START Information shown

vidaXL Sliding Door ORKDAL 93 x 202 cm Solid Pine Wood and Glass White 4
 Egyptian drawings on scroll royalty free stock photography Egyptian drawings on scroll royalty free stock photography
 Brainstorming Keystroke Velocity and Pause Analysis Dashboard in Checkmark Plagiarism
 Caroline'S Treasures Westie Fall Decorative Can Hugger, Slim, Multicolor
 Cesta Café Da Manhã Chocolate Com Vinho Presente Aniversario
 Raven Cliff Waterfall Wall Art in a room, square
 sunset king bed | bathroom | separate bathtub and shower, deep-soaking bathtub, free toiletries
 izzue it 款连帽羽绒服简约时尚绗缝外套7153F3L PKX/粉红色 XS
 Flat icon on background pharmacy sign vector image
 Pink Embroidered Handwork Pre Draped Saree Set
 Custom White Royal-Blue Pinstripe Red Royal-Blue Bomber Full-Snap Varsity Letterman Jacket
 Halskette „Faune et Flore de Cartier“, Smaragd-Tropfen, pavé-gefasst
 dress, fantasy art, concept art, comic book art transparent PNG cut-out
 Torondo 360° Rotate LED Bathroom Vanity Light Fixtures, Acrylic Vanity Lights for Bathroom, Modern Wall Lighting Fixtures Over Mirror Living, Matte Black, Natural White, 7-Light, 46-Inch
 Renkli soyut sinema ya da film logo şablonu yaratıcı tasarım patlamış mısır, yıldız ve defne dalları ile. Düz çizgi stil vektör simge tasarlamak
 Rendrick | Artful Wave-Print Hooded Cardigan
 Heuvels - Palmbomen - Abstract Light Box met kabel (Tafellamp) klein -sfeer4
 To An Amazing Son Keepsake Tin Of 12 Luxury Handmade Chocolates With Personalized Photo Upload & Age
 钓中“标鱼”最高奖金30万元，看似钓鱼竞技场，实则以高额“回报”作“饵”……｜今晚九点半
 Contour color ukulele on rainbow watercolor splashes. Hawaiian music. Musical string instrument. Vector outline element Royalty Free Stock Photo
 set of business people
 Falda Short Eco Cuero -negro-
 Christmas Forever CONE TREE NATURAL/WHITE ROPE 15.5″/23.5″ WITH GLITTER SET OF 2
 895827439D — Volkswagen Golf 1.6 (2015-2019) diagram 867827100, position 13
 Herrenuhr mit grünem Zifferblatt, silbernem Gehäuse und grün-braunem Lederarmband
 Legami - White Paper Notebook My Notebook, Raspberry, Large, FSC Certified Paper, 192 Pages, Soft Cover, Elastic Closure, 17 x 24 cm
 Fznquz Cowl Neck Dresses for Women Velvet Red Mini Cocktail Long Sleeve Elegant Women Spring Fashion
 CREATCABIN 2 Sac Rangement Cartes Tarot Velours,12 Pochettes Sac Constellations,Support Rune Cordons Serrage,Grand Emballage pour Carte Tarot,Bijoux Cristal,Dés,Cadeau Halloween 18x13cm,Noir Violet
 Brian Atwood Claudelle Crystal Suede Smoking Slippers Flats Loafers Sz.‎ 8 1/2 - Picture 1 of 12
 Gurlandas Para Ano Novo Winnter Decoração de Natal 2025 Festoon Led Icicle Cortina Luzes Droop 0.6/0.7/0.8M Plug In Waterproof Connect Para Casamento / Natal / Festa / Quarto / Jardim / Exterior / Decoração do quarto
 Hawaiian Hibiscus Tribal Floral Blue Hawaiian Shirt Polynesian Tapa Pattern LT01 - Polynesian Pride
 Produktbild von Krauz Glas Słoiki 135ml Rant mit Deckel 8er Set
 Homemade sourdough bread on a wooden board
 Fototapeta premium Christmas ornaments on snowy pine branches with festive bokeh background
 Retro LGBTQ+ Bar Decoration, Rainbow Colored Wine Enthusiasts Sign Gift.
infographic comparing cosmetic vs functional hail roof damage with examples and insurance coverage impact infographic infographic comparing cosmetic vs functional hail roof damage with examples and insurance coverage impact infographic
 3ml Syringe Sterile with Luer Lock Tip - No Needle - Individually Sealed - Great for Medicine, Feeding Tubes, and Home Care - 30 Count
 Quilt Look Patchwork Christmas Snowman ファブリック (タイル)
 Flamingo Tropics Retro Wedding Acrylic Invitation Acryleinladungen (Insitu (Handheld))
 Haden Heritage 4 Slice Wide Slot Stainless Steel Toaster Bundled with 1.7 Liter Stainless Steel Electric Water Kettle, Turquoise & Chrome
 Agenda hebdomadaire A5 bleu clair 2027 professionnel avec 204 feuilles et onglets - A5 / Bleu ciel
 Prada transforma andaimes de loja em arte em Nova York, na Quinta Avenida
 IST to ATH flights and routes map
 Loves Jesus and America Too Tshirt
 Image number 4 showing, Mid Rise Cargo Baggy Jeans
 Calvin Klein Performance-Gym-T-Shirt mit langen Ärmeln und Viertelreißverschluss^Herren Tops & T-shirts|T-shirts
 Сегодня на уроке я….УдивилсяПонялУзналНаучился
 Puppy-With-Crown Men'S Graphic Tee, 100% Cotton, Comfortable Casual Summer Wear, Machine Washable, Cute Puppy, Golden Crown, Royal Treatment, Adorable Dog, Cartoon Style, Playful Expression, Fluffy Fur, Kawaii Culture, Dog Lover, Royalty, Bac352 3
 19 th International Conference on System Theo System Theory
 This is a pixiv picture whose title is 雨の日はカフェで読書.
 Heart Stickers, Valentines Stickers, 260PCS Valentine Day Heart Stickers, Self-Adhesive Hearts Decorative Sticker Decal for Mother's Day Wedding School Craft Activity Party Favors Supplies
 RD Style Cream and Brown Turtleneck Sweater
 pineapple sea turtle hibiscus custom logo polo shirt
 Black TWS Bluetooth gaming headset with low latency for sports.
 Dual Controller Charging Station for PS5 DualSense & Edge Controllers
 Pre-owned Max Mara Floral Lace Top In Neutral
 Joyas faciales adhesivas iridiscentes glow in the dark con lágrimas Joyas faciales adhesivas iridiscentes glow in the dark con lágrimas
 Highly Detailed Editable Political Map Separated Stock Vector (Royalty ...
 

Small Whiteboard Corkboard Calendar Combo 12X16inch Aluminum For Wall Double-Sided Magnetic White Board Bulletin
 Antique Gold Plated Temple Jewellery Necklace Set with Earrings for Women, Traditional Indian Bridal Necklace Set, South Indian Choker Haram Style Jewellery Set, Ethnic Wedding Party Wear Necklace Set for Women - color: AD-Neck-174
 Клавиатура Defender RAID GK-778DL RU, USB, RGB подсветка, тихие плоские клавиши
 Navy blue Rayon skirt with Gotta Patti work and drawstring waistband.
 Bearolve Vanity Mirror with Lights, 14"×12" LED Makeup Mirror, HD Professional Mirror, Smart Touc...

END Information shown

◆ The task ◆
Each entry must be retyped exactly as it was written above.

◆ Response to this exercise ◆
vidaXL Sliding Door ORKDAL 93 x 202 cm Solid Pine Wood and Glass White 4
 Egyptian drawings on scroll royalty free stock photography Egyptian drawings on scroll royalty free stock photography
 Brainstorming Keystroke Velocity and Pause Analysis Dashboard in Checkmark Plagiarism
 Caroline'S Treasures Westie Fall Decorative Can Hugger, Slim, Multicolor
 Cesta Café Da Manhã Chocolate Com Vinho Presente Aniversario
 Raven Cliff Waterfall Wall Art in a room, square
 sunset king bed | bathroom | separate bathtub and shower, deep-soaking bathtub, free toiletries
 izzue it 款连帽羽绒服简约时尚绗缝外套7153F3L PKX/粉红色 XS
 Flat icon on background pharmacy sign vector image
 Pink Embroidered Handwork Pre Draped Saree Set
 Custom White Royal-Blue Pinstripe Red Royal-Blue Bomber Full-Snap Varsity Letterman Jacket
 Halskette „Faune et Flore de Cartier“, Smaragd-Tropfen, pavé-gefasst
 dress, fantasy art, concept art, comic book art transparent PNG cut-out
 Torondo 360° Rotate LED Bathroom Vanity Light Fixtures, Acrylic Vanity Lights for Bathroom, Modern Wall Lighting Fixtures Over Mirror Living, Matte Black, Natural White, 7-Light, 46-Inch
 Renkli soyut sinema ya da film logo şablonu yaratıcı tasarım patlamış mısır, yıldız ve defne dalları ile. Düz çizgi stil vektör simge tasarlamak
 Rendrick | Artful Wave-Print Hooded Cardigan
 Heuvels - Palmbomen - Abstract Light Box met kabel (Tafellamp) klein -sfeer4
 To An Amazing Son Keepsake Tin Of 12 Luxury Handmade Chocolates With Personalized Photo Upload & Age
 钓中“标鱼”最高奖金30万元，看似钓鱼竞技场，实则以高额“回报”作“饵”……｜今晚九点半
 Contour color ukulele on rainbow watercolor splashes. Hawaiian music. Musical string instrument. Vector outline element Royalty Free Stock Photo
 set of business people
 Falda Short Eco Cuero -negro-
 Christmas Forever CONE TREE NATURAL/WHITE ROPE 15.5″/23.5″ WITH GLITTER SET OF 2
 895827439D — Volkswagen Golf 1.6 (2015-2019) diagram 867827100, position 13
 Herrenuhr mit grünem Zifferblatt, silbernem Gehäuse und grün-braunem Lederarmband
 Legami - White Paper Notebook My Notebook, Raspberry, Large, FSC Certified Paper, 192 Pages, Soft Cover, Elastic Closure, 17 x 24 cm
 Fznquz Cowl Neck Dresses for Women Velvet Red Mini Cocktail Long Sleeve Elegant Women Spring Fashion
 CREATCABIN 2 Sac Rangement Cartes Tarot Velours,12 Pochettes Sac Constellations,Support Rune Cordons Serrage,Grand Emballage pour Carte Tarot,Bijoux Cristal,Dés,Cadeau Halloween 18x13cm,Noir Violet
 Brian Atwood Claudelle Crystal Suede Smoking Slippers Flats Loafers Sz.‎ 8 1/2 - Picture 1 of 12
 Gurlandas Para Ano Novo Winnter Decoração de Natal 2025 Festoon Led Icicle Cortina Luzes Droop 0.6/0.7/0.8M Plug In Waterproof Connect Para Casamento / Natal / Festa / Quarto / Jardim / Exterior / Decoração do quarto
 Hawaiian Hibiscus Tribal Floral Blue Hawaiian Shirt Polynesian Tapa Pattern LT01 - Polynesian Pride
 Produktbild von Krauz Glas Słoiki 135ml Rant mit Deckel 8er Set
 Homemade sourdough bread on a wooden board
 Fototapeta premium Christmas ornaments on snowy pine branches with festive bokeh background
 Retro LGBTQ+ Bar Decoration, Rainbow Colored Wine Enthusiasts Sign Gift.
infographic comparing cosmetic vs functional hail roof damage with examples and insurance coverage impact infographic infographic comparing cosmetic vs functional hail roof damage with examples and insurance coverage impact infographic
 3ml Syringe Sterile with Luer Lock Tip - No Needle - Individually Sealed - Great for Medicine, Feeding Tubes, and Home Care - 30 Count
 Quilt Look Patchwork Christmas Snowman ファブリック (タイル)
 Flamingo Tropics Retro Wedding Acrylic Invitation Acryleinladungen (Insitu (Handheld))
 Haden Heritage 4 Slice Wide Slot Stainless Steel Toaster Bundled with 1.7 Liter Stainless Steel Electric Water Kettle, Turquoise & Chrome
 Agenda hebdomadaire A5 bleu clair 2027 professionnel avec 204 feuilles et onglets - A5 / Bleu ciel
 Prada transforma andaimes de loja em arte em Nova York, na Quinta Avenida
 IST to ATH flights and routes map
 Loves Jesus and America Too Tshirt
 Image number 4 showing, Mid Rise Cargo Baggy Jeans
 Calvin Klein Performance-Gym-T-Shirt mit langen Ärmeln und Viertelreißverschluss^Herren Tops & T-shirts|T-shirts
 Сегодня на уроке я….УдивилсяПонялУзналНаучился
 Puppy-With-Crown Men'S Graphic Tee, 100% Cotton, Comfortable Casual Summer Wear, Machine Washable, Cute Puppy, Golden Crown, Royal Treatment, Adorable Dog, Cartoon Style, Playful Expression, Fluffy Fur, Kawaii Culture, Dog Lover, Royalty, Bac352 3
 19 th International Conference on System Theo System Theory
 This is a pixiv picture whose title is 雨の日はカフェで読書.
 Heart Stickers, Valentines Stickers, 260PCS Valentine Day Heart Stickers, Self-Adhesive Hearts Decorative Sticker Decal for Mother's Day Wedding School Craft Activity Party Favors Supplies
 RD Style Cream and Brown Turtleneck Sweater
 pineapple sea turtle hibiscus custom logo polo shirt
 Black TWS Bluetooth gaming headset with low latency for sports.
 Dual Controller Charging Station for PS5 DualSense & Edge Controllers
 Pre-owned Max Mara Floral Lace Top In Neutral
 Joyas faciales adhesivas iridiscentes glow in the dark con lágrimas Joyas faciales adhesivas iridiscentes glow in the dark con lágrimas
 Highly Detailed Editable Political Map Separated Stock Vector (Royalty ...
 

Small Whiteboard Corkboard Calendar Combo 12X16inch Aluminum For Wall Double-Sided Magnetic White Board Bulletin
 Antique Gold Plated Temple Jewellery Necklace Set with Earrings for Women, Traditional Indian Bridal Necklace Set, South Indian Choker Haram Style Jewellery Set, Ethnic Wedding Party Wear Necklace Set for Women - color: AD-Neck-174
 Клавиатура Defender RAID GK-778DL RU, USB, RGB подсветка, тихие плоские клавиши
 Navy blue Rayon skirt with Gotta Patti work and drawstring waistband.
 Bearolve Vanity Mirror with Lights, 14"×12" LED Makeup Mirror, HD Professional Mirror, Smart Touc...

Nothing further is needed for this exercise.